A 34-year-old man has filed an $800,000 lawsuit against a Albany construction company, claiming the owner fired him after he refused to attend weekly Bible study.
Ryan Coleman’s lawsuit states that he discovered only after he was hired as a painter for Dahled Up Construction that the job entailed more than just fixing up homes. According to Coleman and his lawsuit, owner Joel Dahl told him all employees were required to partake in regular Bible study sessions led by a Christian pastor during the work day, while on the clock.
Coleman told Dahl that the requirement was illegal, but Dahl wouldn’t budge, according to the lawsuit.
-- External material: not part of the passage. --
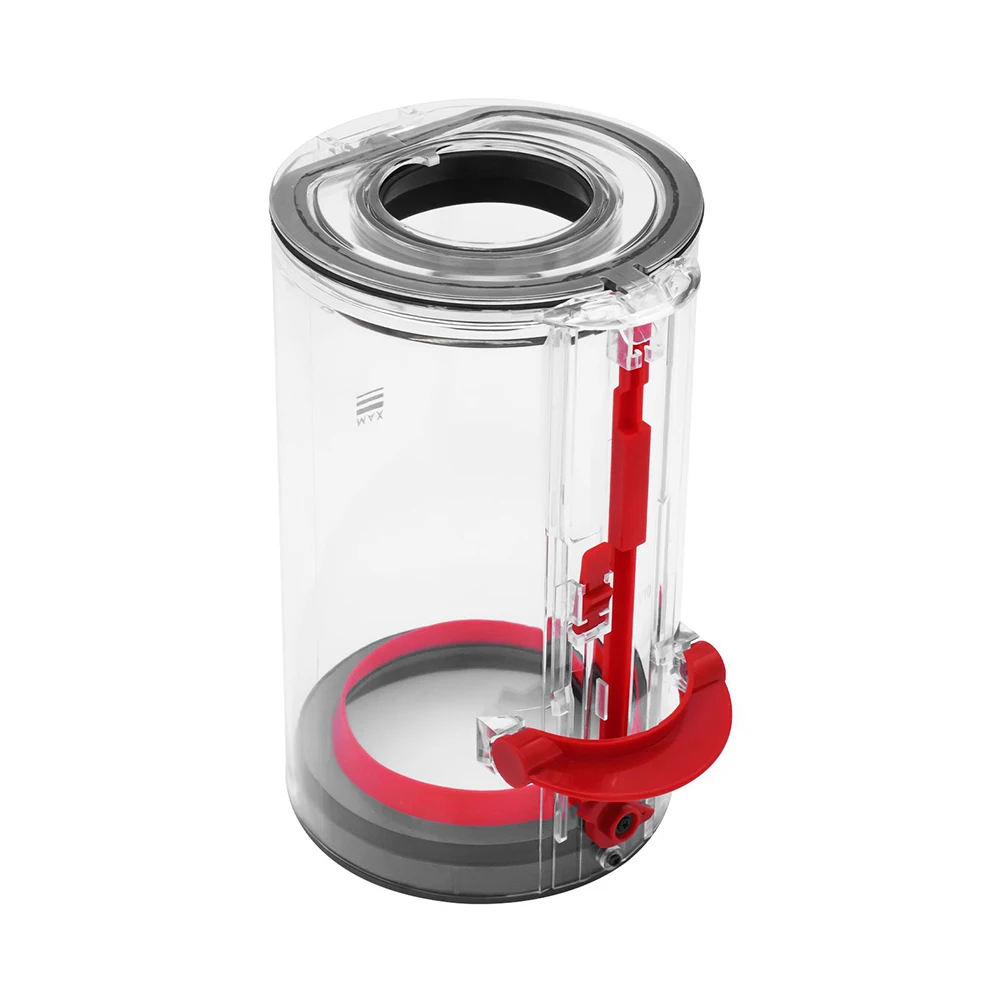 

Сменный Контейнер для пыли 969509-01 для пылесоса Dyson V10 SV12, 1 шт.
In order to keep his job, Coleman obliged for nearly six months but ultimately told Dahl he couldn’t go, the suit says.
“I said ‘I’ve kept an open mind, and it’s just not my thing.’ And he said, ‘Well, I’m going to have to replace you,'” Coleman told The Oregonian/OregonLive.
“He said ‘You’re not going to tell me how to run my own company,’” Coleman continued. “I said ‘I’m not trying to tell you how to run your own company, but you’re not going to tell me what god to pray to.’”
Coleman said his religious beliefs are indigenous: He’s half Caucasian and half Native American, with Cherokee and Blackfoot heritage.
Coleman worked for the small construction company from October 2017 to this past April, when he was fired, the suit states.
“This is so illegal,” said Corinne Schram, a Portland attorney representing Coleman. “Unless you are a religious organization like a church, you cannot force your employees to participate in religious activities.”
Dahl's Albany attorney, Kent Hickam, doesn't dispute that Dahl requires all of his employees to attend Bible study, but says it’s legal because Dahl pays them to attend.
“Mr. Dahl feels that it’s unfortunate that he (Coleman) is now trying to exploit Mr. Dahl’s honorable intentions for unjustified financial gain,” Hickman said.